In CPU mode it shows this:
Self CPU time total: 341.996s
CUDA time total: 0.000us
In CUDA mode it shows this:
Self CPU time total: 355.418s
CUDA time total: 15.872ms
What exactly are these times. Should I be concerned that in CUDA mode there is still so much time on the CPU.
This model runs very slowly with very high memory use and I’m only using a batch size of 16. Any more and it crashes.
This might indicate that you are running into a CPU bottleneck, e.g. from data loading.
You could try to adapt the data loading measurements from the ImageNet example to check, if that’s the case or not.
So I played around with the timers in that code (which is awesome by the way, thank you) and also did a few little experiments with torch.save and torch.load. I tried to be slick and save the part which took the longest each time so that I could just pull it back up and train. Yeah, it doesn’t work that way.

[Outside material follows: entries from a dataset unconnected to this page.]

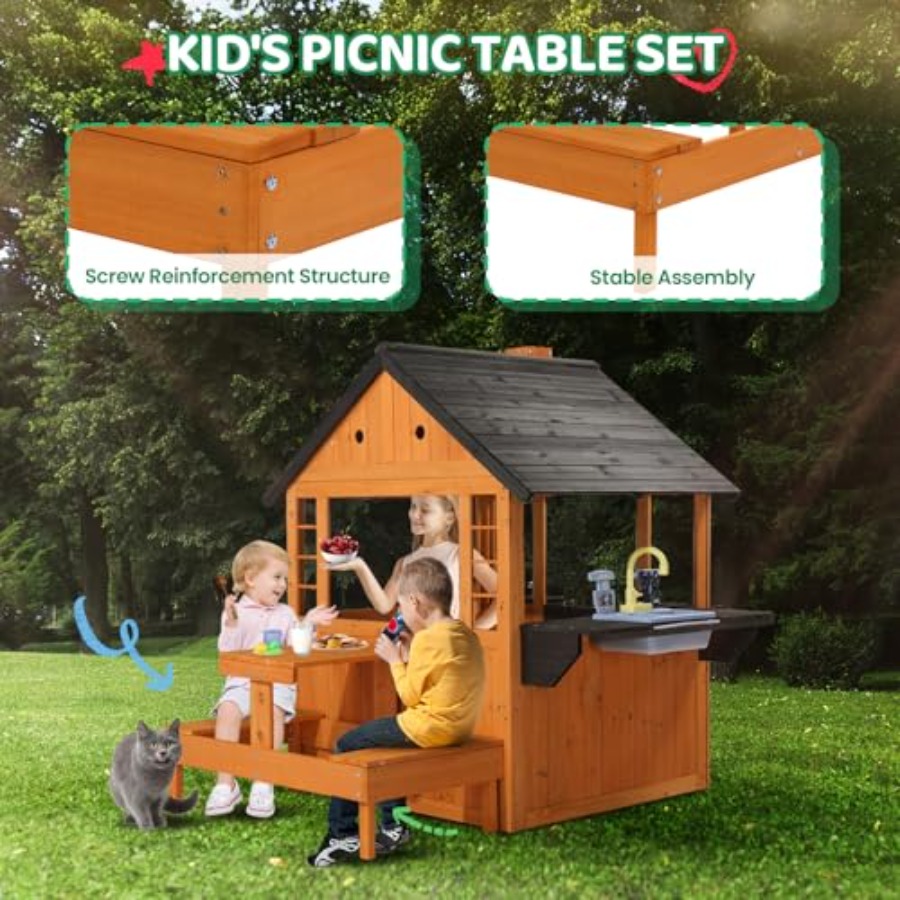 Outdoor Kids Wooden Playhouse  - огляд і ціна Kids Outdoor Sink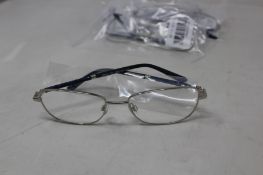 Five pairs of women's Palazzo SP11 C1 50 - 16 -130 silver metal glasses frames with blue sparkle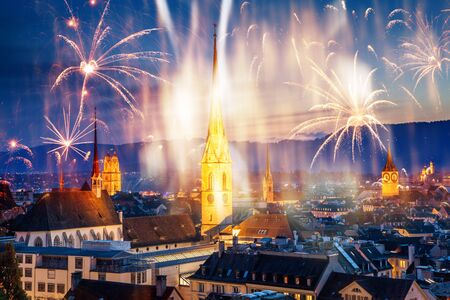 new year fireworks in zurich switzerlandの写真素材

What I did learn though was that my code takes the longest time when I do the following:
loss_dict = model(imgs, annotations)
When that part get’s executed it takes almost all my memory and things start to slow down. Maybe I should mention that I have a Nvidia Xavier. It have the 32GB model with a 512GB drive attached (this is where I store all my stuff). My dataset is about 8600 images (512 x 640). It’s a COCO dataset and I’m using a Faster RCNN - Resnet50.
It takes me about 30 hours to train this model. Perhaps that’s just what to expect from my gear but looking at others examples, somehow it just seems like this is slow. If it is slow then I’ve definitely done something wrong in my code.
Looking at it now, this little guy will work wonders for my edge application when doing inference but when I look at specs on a server size GPU, it makes sense it would be slower when it comes to training.